L’Anglais Thomas Parnell, l’auteur de la Création de la femme et de la Veillée de Vénus qui, depuis une semaine, recevait l’hospitalité au château – une hospitalité quelquefois un peu tyrannique – se faisait tout petit dans son coin pour laisser le philosophe épancher librement sa bile, car il était le meilleur homme du monde.
« Monsieur l’archidiacre de Clogher, dit Voltaire, s’amusant à donner à son hôte un titre dont l’excellent Parnell ne se piquait guère, il paraît que vous avez beaucoup voyagé. Dites-nous quel est le pays dont vous avez rapporté les plus singuliers souvenirs.
– Monsieur de Voltaire, vous avez bien plus d’imagination que je n’ai de mémoire, et tout risquerait de vous paraître fade.
– Monsieur Parnell, ceci ressemble fort à une défaite, et je ne l’admets point. Vous êtes le citoyen du globe qui savez le plus de choses extraordinaires. C’est d’extraordinaire que j’ai besoin aujourd’hui. Il m’en faut.
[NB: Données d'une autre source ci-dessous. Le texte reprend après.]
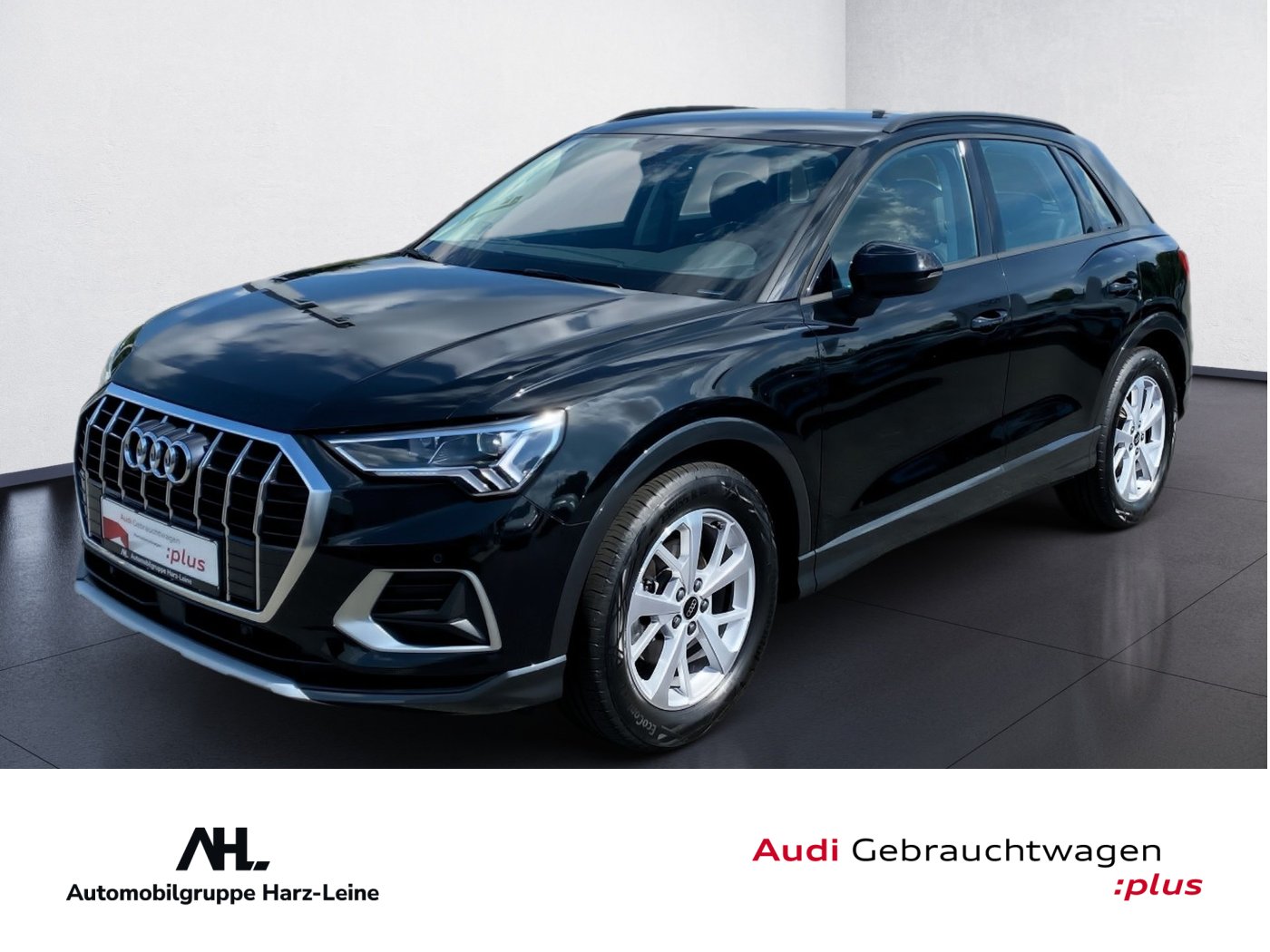 Q3 35 TFSI S-tronic AHK Navi ACC RFK Leder Sitzhzg.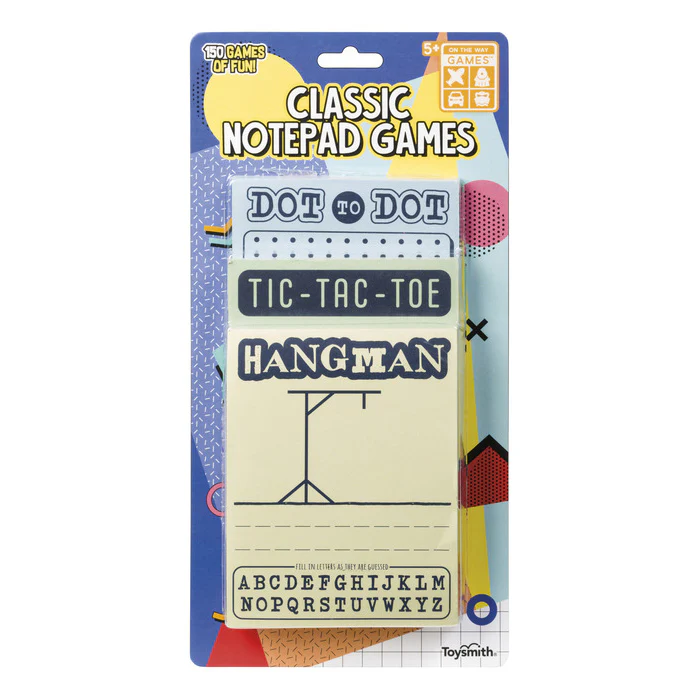 Classic Notepad Games 1280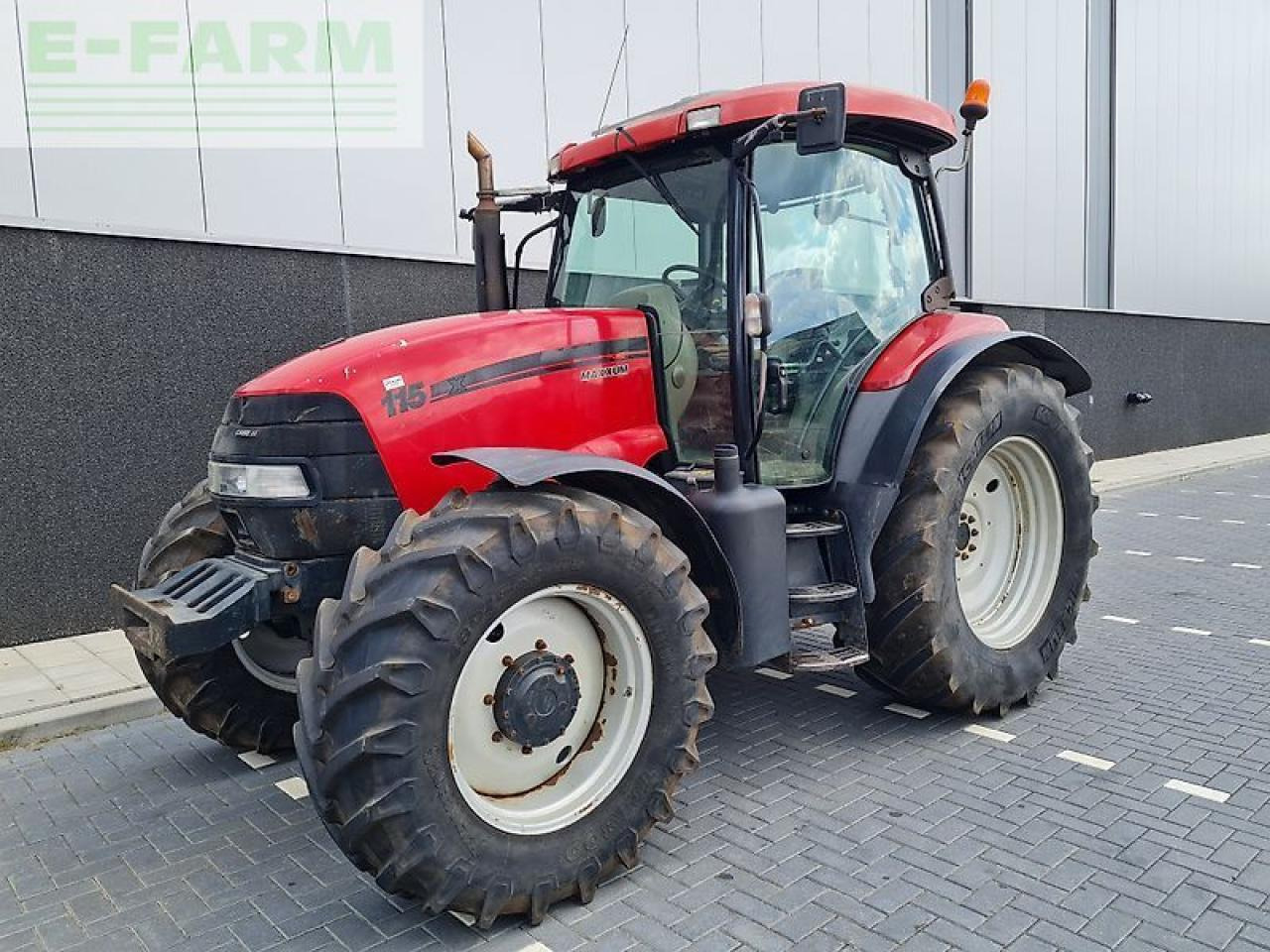 Case-IH maxxum 115 - Τρακτέρ: φωτογραφία 1 Case-IH maxxum 115 - Τρακτέρ: φωτογραφία 1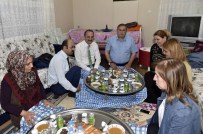 ABDULLAH ÖZER - Sürpriz İftar Ziyareti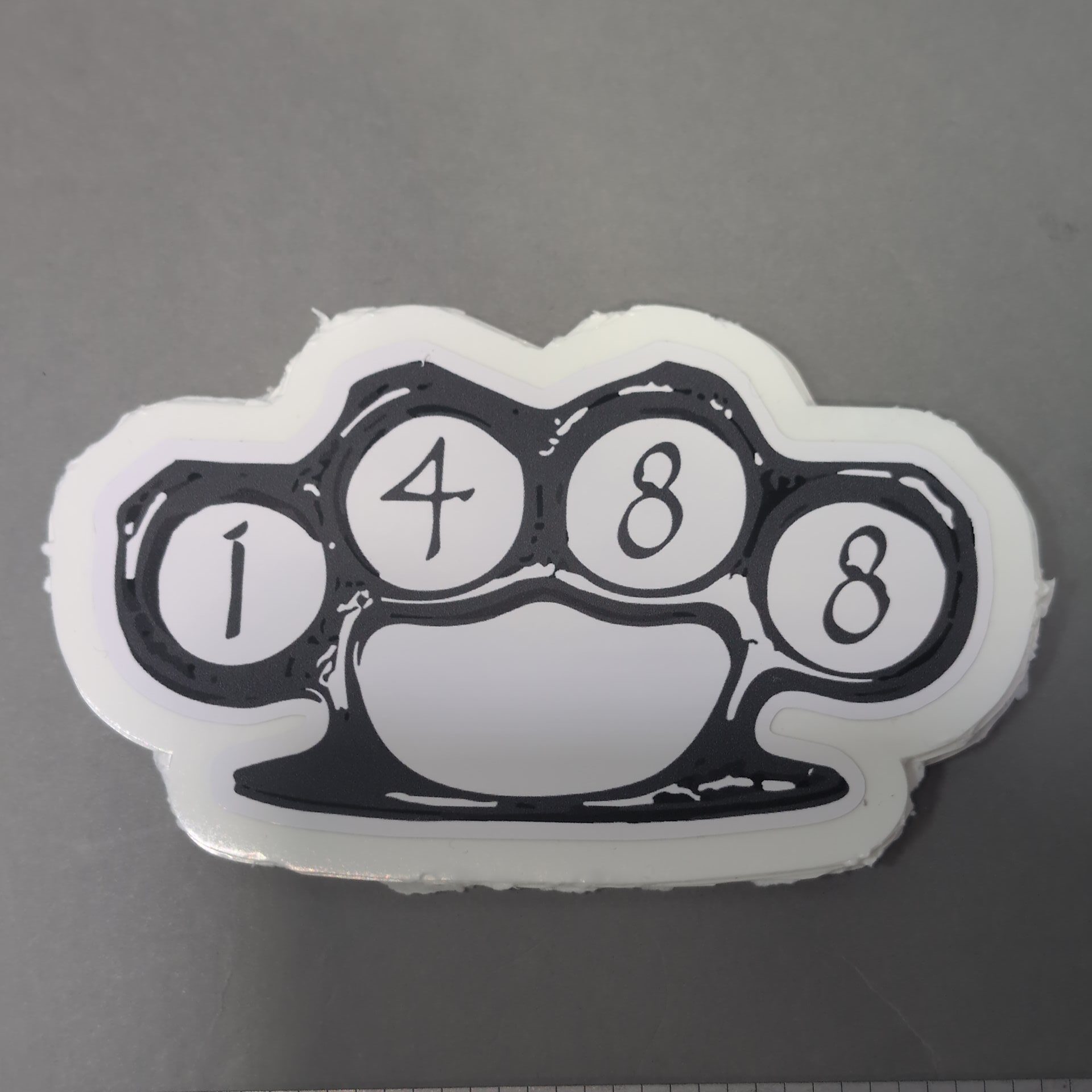 1488 Brass Knuckles • Sticker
Donnez-m’en.
– Je serai véridique, au moins, je le promets, dit Parnell, et je ne me permettrai point, même si je semble verser dans la bizarrerie, la moindre inexactitude… »
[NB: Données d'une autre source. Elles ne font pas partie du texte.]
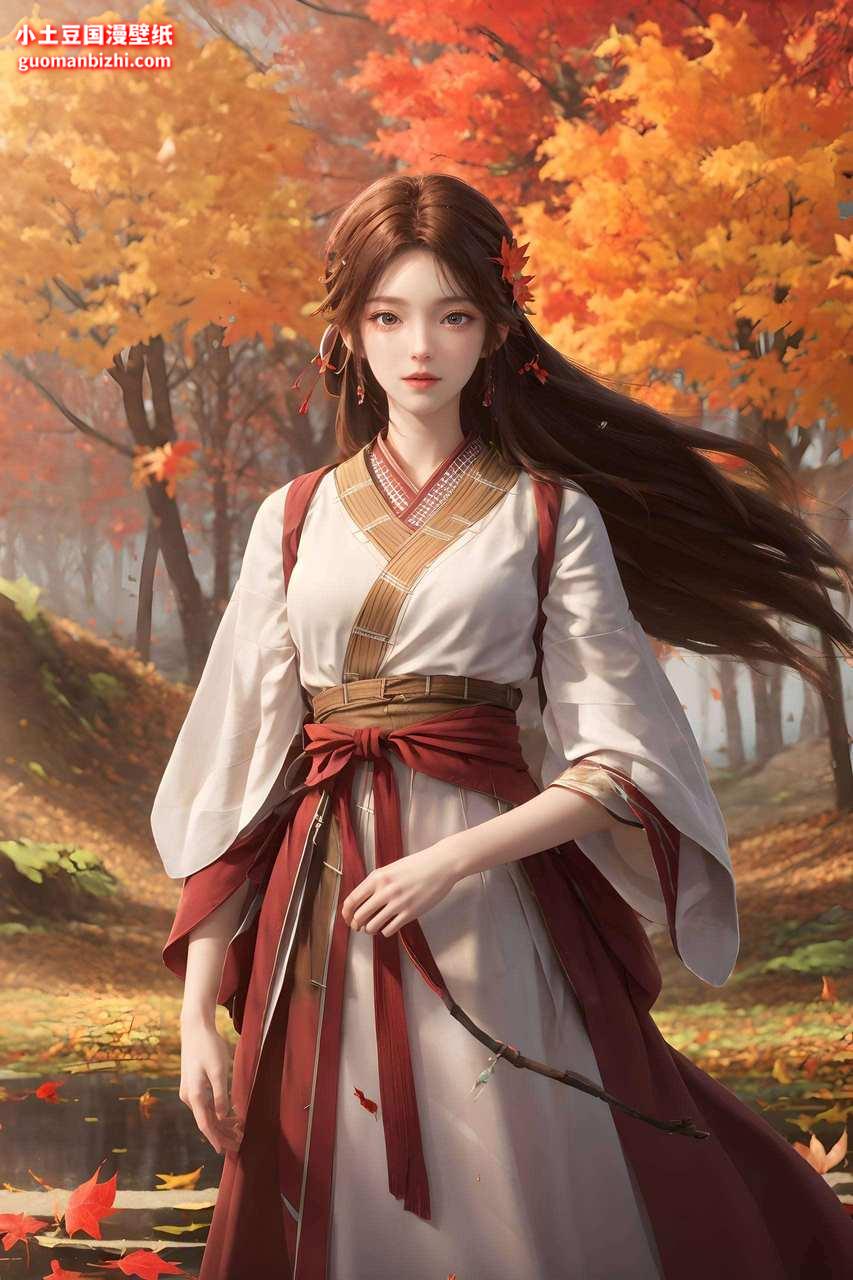 小舞火灵儿超高清极简壁纸电脑古风漫画壁纸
Et, s’éloignant un peu du feu que Mme Denis avait fait allumer, bien que la température fût douce encore, installant sa robuste et bien portante personne dans un fauteuil d’où il dominait presque de la moitié du corps la grêle silhouette du grand homme, il commença :
« Oui, vraiment, le pays le plus étrange qu’il m’ait été donné de parcourir est précisément celui où je suis demeuré le plus longtemps de ma vie. Figurez-vous qu’il n’a ni terre, ni arbres, ni fleurs, ni ciel. Les habitants, qui n’ont que quelques pouces de hauteur, s’accommodent d’un sol, en manière de plancher, qui est soigneusement établi dans tout le royaume…
– Monsieur Parnell, s’écria Mme Denis, vous vous moquez !
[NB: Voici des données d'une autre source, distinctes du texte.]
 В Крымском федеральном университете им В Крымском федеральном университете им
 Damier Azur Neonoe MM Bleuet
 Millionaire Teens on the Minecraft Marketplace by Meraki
– J’ai juré de ne pas mentir, madame.
– Laissez-le aller, » dit Voltaire.
Et Parnell continua :
« Ils ne grandissent pas. Ils restent tels qu’ils naissent. Bien que tout pygmées, ceux qui sont un peu plus hauts que les autres révèlent presque toujours ainsi leur professions : ils sont docteurs, juristes, théologiens.
Ils ont la peau de diverses couleurs, souvent d’après les castes qui se sont formées dans leurs États. Sauf leur poitrine, qui est blanche, on chercherait en vain parmi eux ce teint uniforme par lequel se distingue une race. Quelques-uns d’entre eux, par ostentation, se teignent en or une partie de leurs corps : ce n’est pas pourtant, dans le pays dont je parle, un vrai signe de richesse.
Ils s’habillent de peaux de bêtes, longuement et soigneusement travaillées ; mais, ce qui est piquant, c’est la façon dont ils prennent possession de leur vêtement, qu’ils gardent généralement jusqu’au terme de leur existence, ceux qui en changent étant extrêmement rares. Ailleurs, on ajuste les habits à celui qui doit les porter et on les recoupe s’ils ne sont pas bien. Là, ce sont les enfants que l’on coupe pour les amener à proportion des habits. Ils ne protestent pas contre ce système, si barbare semble-t-il, tant il est vrai que l’habitude est tout !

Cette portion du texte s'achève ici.